The Georgia Review, UGA’s Creative Writing Program, and Stillpoint Literary Magazineare pleased to present Literary Arts at UGA: A Showcase. This event will take place during UGA’s Spotlight on the Arts and feature readings by members of all three organizations. Copies of The Georgia Review, Stillpoint Literary Magazine, and the readers’ books will be available.



Readers:



C. J. Bartunek is managing editor of The Georgia Review. She holds a PhD in English from the University of Georgia and a BA from the University of Southern California. Her writing has appeared in The Smart Set, Pacific Standard, The Big Roundtable, and elsewhere.

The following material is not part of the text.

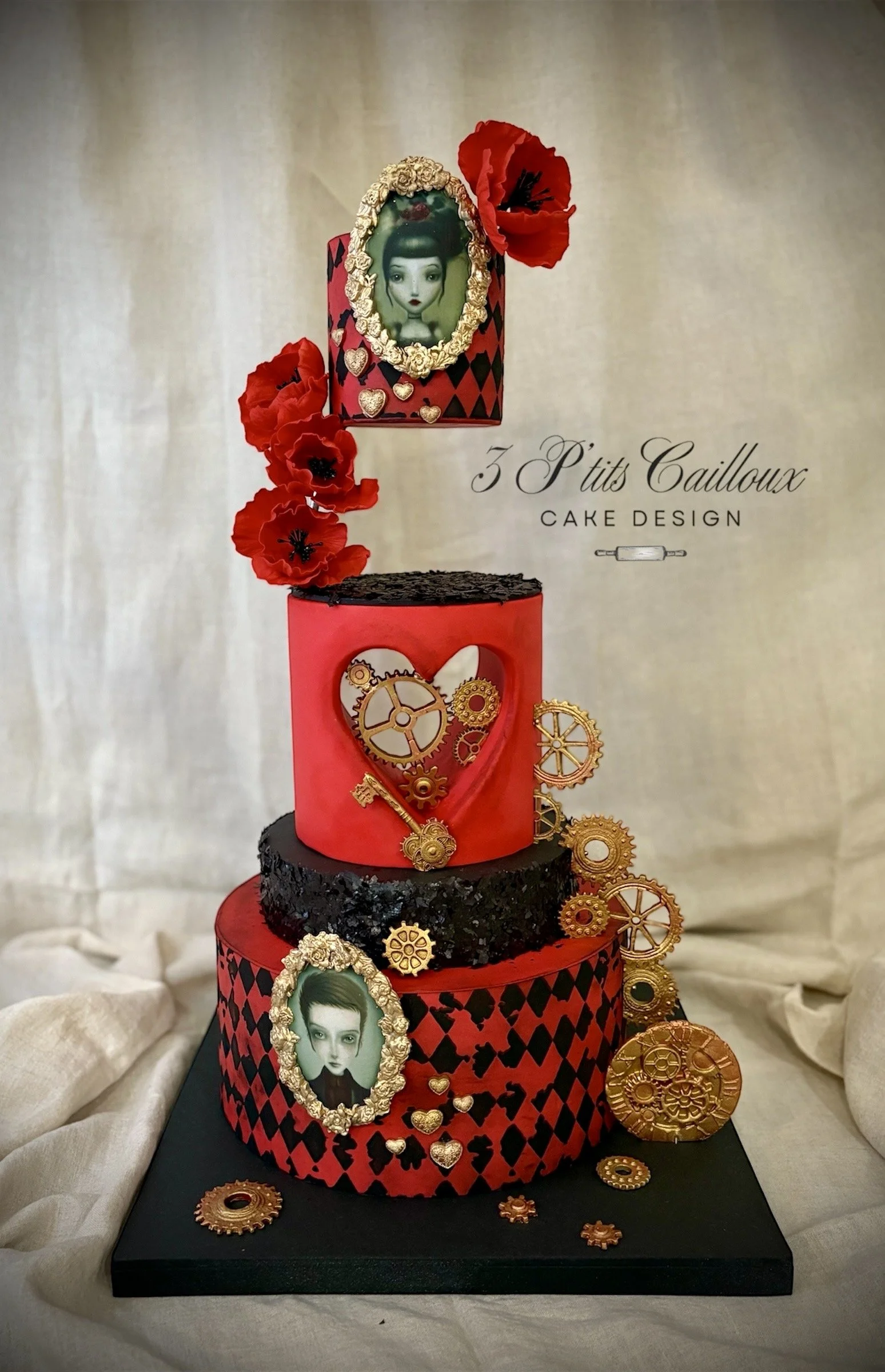 Gâteau à plusieurs niveaux avec des éléments décoratifs rouges et noirs, des portraits encadrés, des fleurs rouges, des engrenages en or, et le texte "3 P'tits Cailloux Cake Design".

Paul Cunningham, a current PhD candidate in creative writing, is from Pittsburgh, Pennsylvania. He is the translator from the Swedish of Helena Österlund’s Words(OOMPH! Press, 2019). He has also translated two chapbooks by Sara Tuss, Efrik: Automanias Selected Poems(Goodmorning Menagerie, 2016) and The Night’s Belly(Toad Press, 2016). His creative and critical work has appeared in Kenyon Review, Quarterly West, Yalobusha Review, DIAGRAM, Bat City Review, andOmniverse. He edits Deluge, co-manages Radioactive Cloud, and co-founded the Yumfactory Reading Series. A Princeton INCH scholar, Cunningham holds an MFA in poetry from the University of Notre Dame.

Abigail Friedel, art editor for Stillpoint Literary Magazine, is a second-year student at the University of Georgia studying art and journalism. In addition to her work at Stillpoint, she is a culture journalist for The Red and Black. Her artwork has been featured in both Stillpoint and Lamar Dodd School of Art exhibitions.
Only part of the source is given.